* Task prompt *
Two lines in the listing below mark the span: one contains "Embrión de ratón de teñido" and one contains "AM33198SU-N - Cytokeratin 19". Reproduce both of them and everything between, exactly.

== Input for this task ==

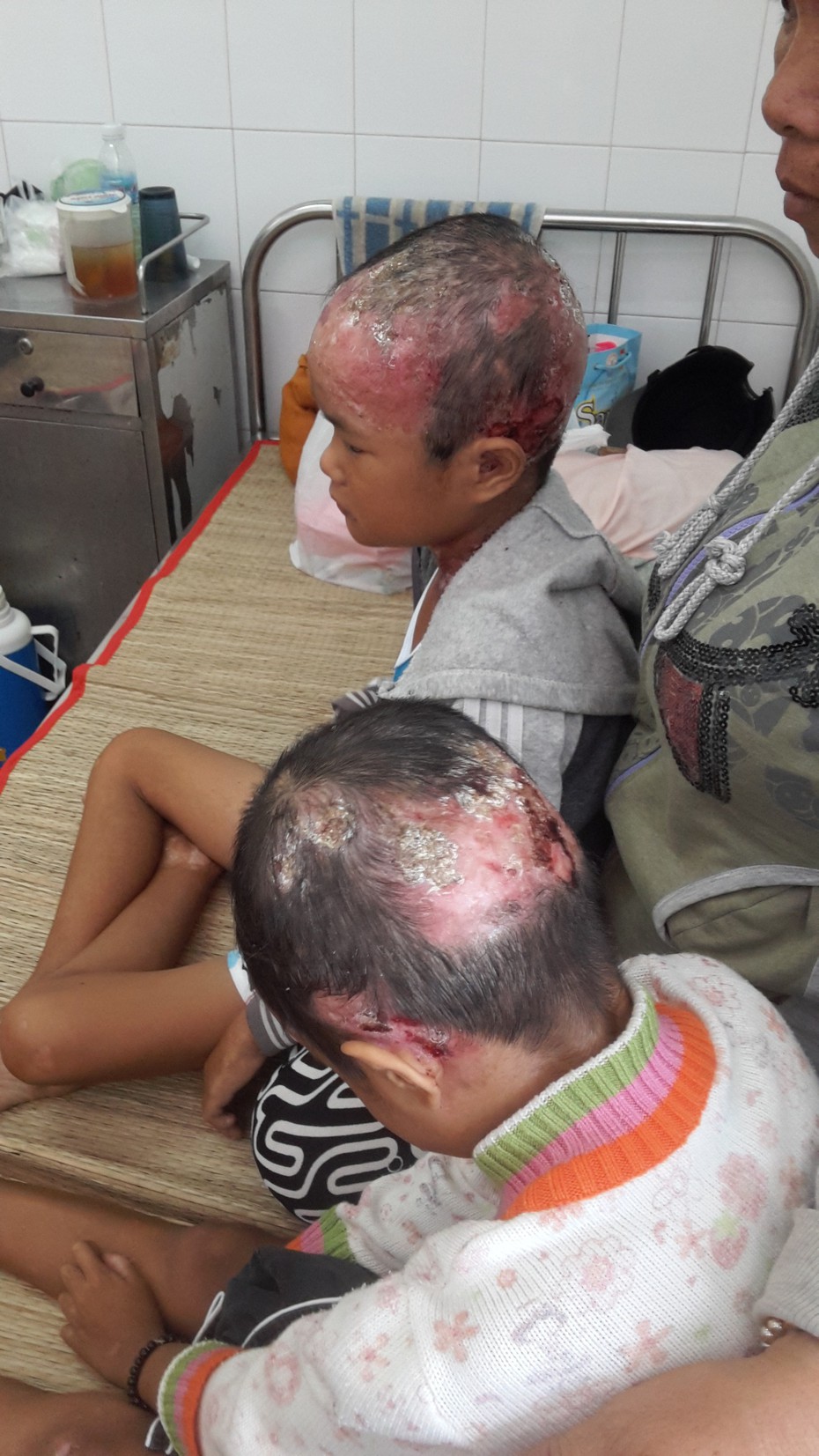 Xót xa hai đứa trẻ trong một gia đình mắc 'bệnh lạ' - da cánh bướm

===
== Input for this task ==

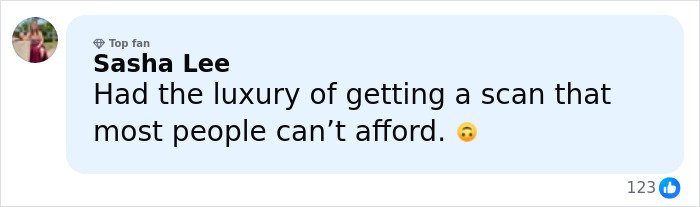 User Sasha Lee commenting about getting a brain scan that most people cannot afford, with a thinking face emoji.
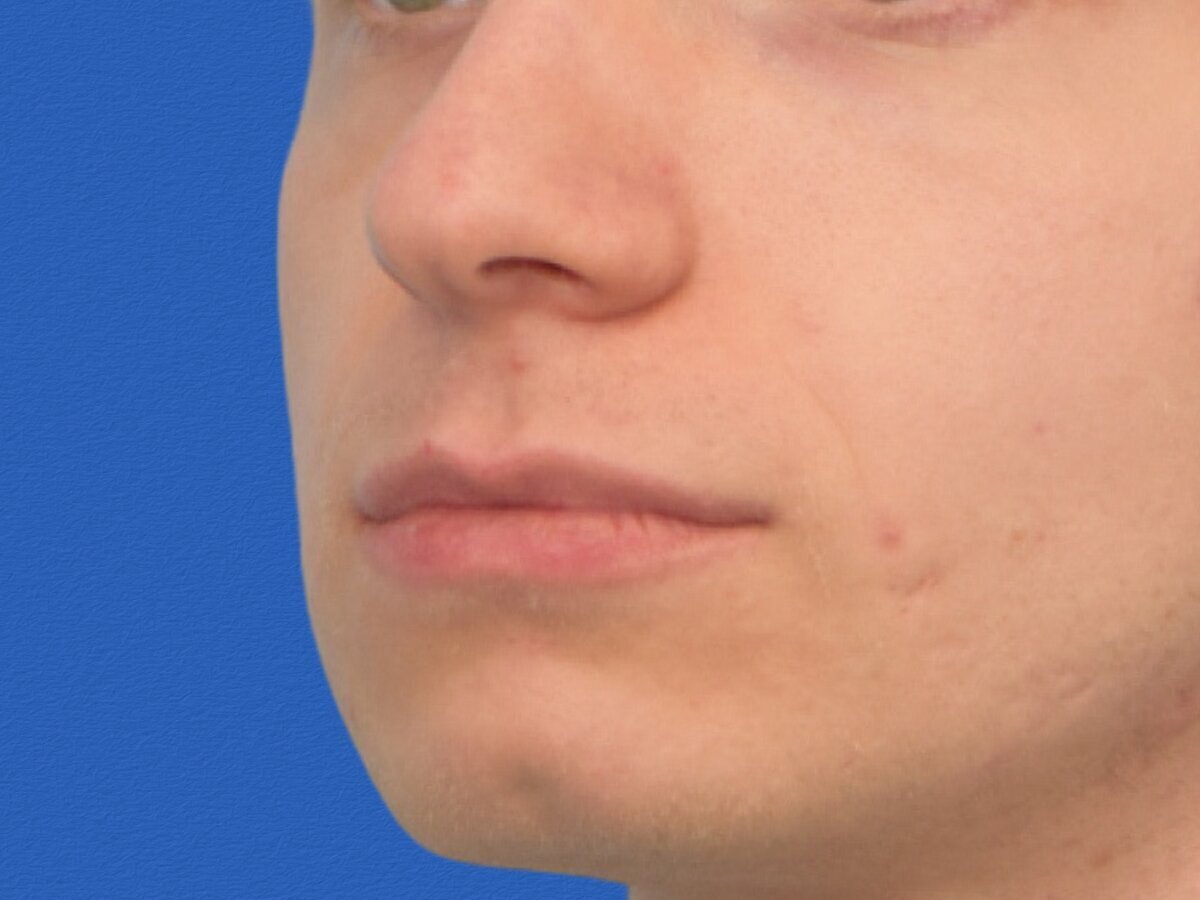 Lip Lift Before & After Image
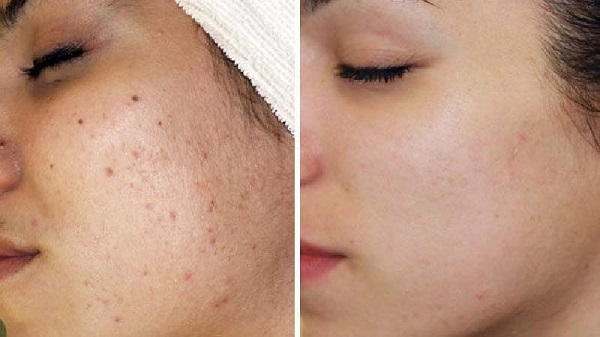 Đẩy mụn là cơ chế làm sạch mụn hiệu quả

===
== Input for this task ==

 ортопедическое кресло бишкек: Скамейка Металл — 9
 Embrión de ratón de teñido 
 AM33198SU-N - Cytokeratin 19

===

* Result *
 Embrión de ratón de teñido 
 AM33198SU-N - Cytokeratin 19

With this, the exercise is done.